Symptoms of rheumatic fever may include:

  • Fever
  • Stomach pain
  • Joint pain (arthritis) - primarily in the knees, elbows, ankles, and wrists
  • Joint swelling
  • Skin nodules
  • Nosebleeds
  • Rash on torso, arms, and legs that looks ring or snake-like
  • Heart problems - could result in shortness of breath or chest pain, but may not have symptoms at all
  • Sydenham chorea - muscle weakness, jerky movements of the face, feet, and hands, difficulty with emotions


Rheumatic fever occurs about 3 weeks after a strep infection. It is rare in the United States but is common in other parts of the developing world. It typically occurs when a strep infection goes untreated.

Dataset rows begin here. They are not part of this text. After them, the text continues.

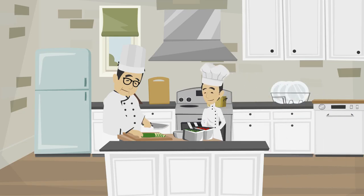Hello Jay, how are you today? I am fine chef. What are you going to teach me today? I will teach you how to check the temperature with a thermometer.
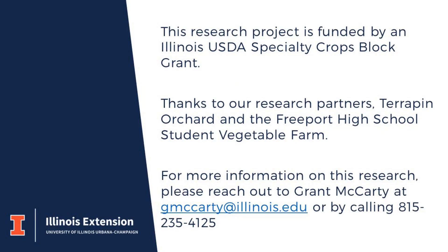This research project is funded by an Illinois USDA specialty crops block grant. Thanks to our research partners, Terrapin Orchard and the Freeport High School Student Vegetable Farm. For more information on this research, please reach out to Grant McCarty at gmccarty@illinois.edu or by calling 815-235-4125.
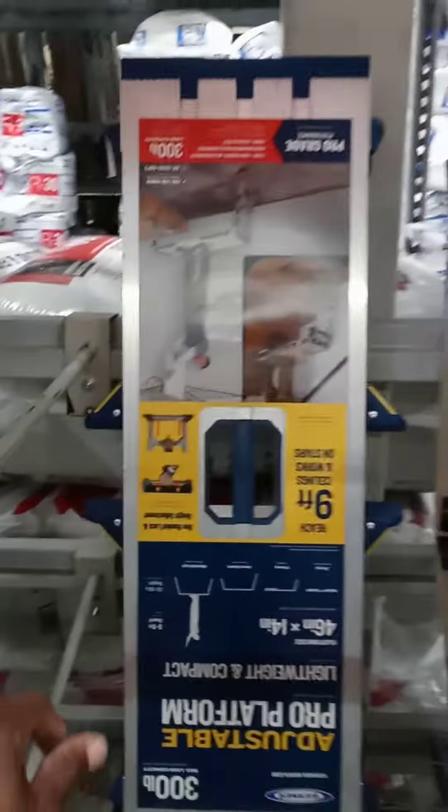Like and subscribe — why not, it's free. Hi YouTube, Pro Series Auto Spy here. I'm here in Lowe's looking around and I found an upgrade to my ladder. This will be great for SUVs or pickup trucks.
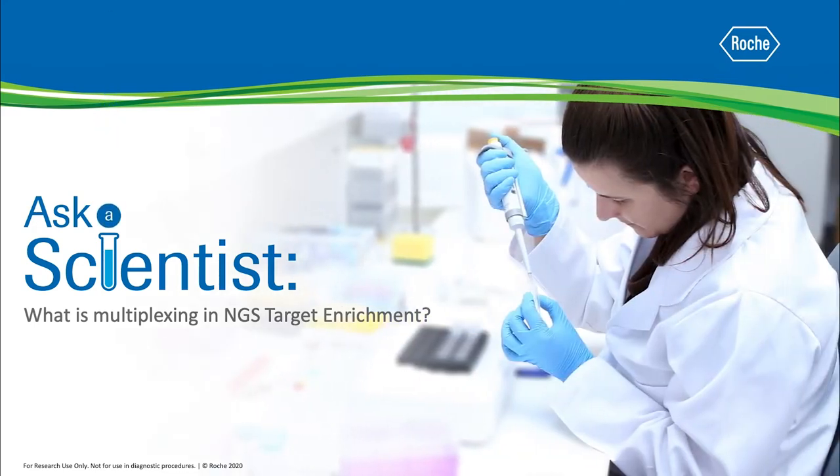Welcome to the Ask a Scientist video series. In this episode, we'll talk about multiplexing for better sequencing efficiency and targeted NGS.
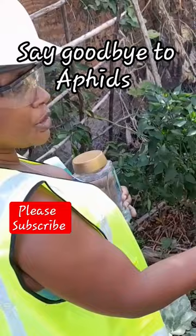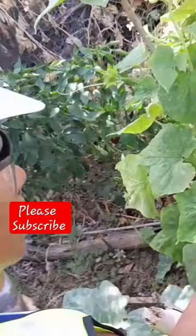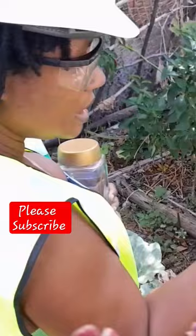Aphids — I hate those creatures, and they love your cucumbers, your pumpkins, your cantaloupe, your honeydew, all of those types of things. My solution to them, whether I find them early or late — and they are usually under the leaves of your plants, so you have to turn your leaves over to find them.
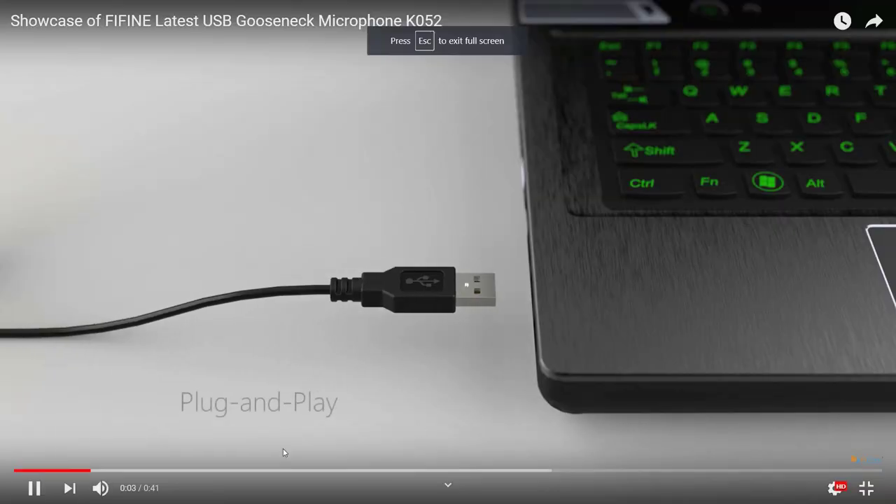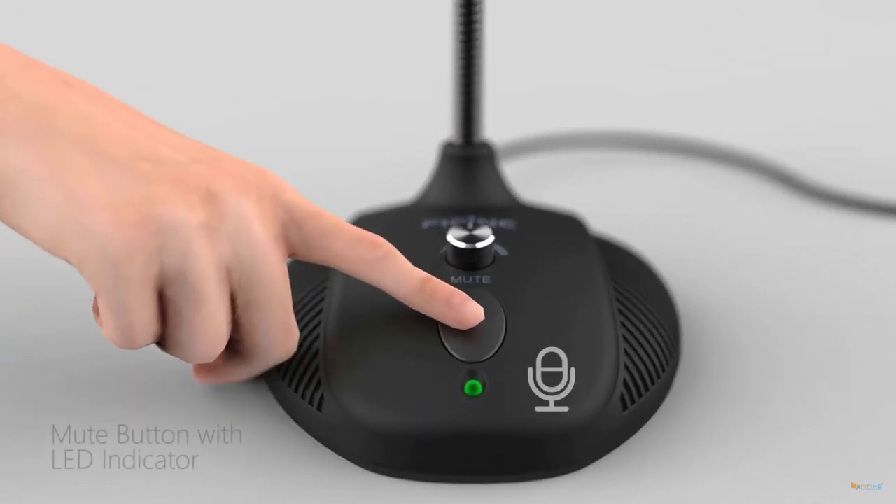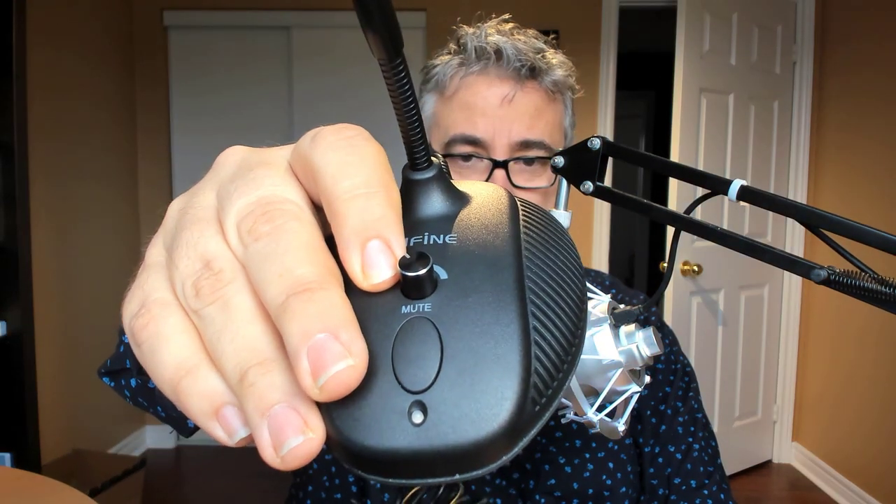As suspected, the USB cable is permanently connected — it can't be disconnected, which would be nice, but that's okay. The cable appears to be a decent length, probably about two meters, which gives greater flexibility. The base and the whole microphone feel heavier than expected; there's definitely metal in the construction, giving it solid weight.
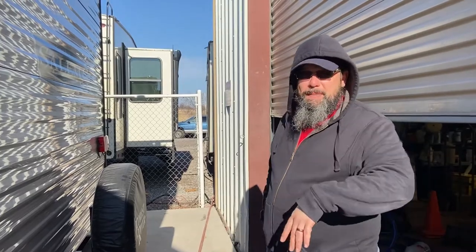Hey guys, it's Jeremy. We're gonna do the walkthrough on your trailer. We'll send you the link so you'll be able to reference back to this anytime you want.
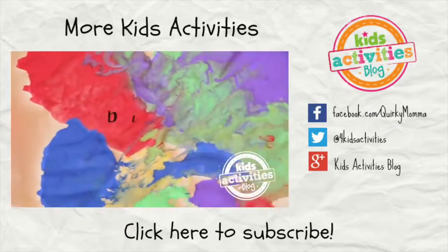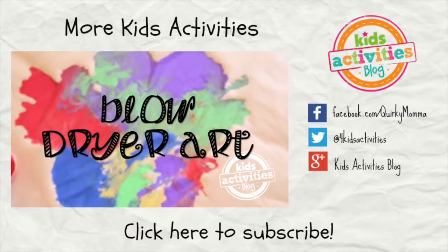Let's go to our next video! We'll see you next time.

There is no simple blood test to diagnose rheumatic fever. If a doctor suspects that a person has rheumatic fever, a diagnosis would be based on multiple tests and diagnostic criteria. Typically, a person will be diagnosed if they have had a recent strep infection and meet two of the major criteria or one major and two minor criteria. These include:


  • Pain (arthritis) in several joints
  • Heart inflammation (carditis) - determined by using an echocardiogram
  • Nodules under the skin
  • Quick jerky movements
  • Rash


  • Fever
  • Abnormal bloodwork (high ESR or other lab tests)
  • Joint pain


Rheumatic fever has to be treated with antibiotics. After the initial treatment, many people have to take low doses of antibiotics for many years to prevent the disease from recurring. Anti-inflammatory medications (such as aspirin, ibuprofen, and corticosteroids) may also be used to help manage the symptoms.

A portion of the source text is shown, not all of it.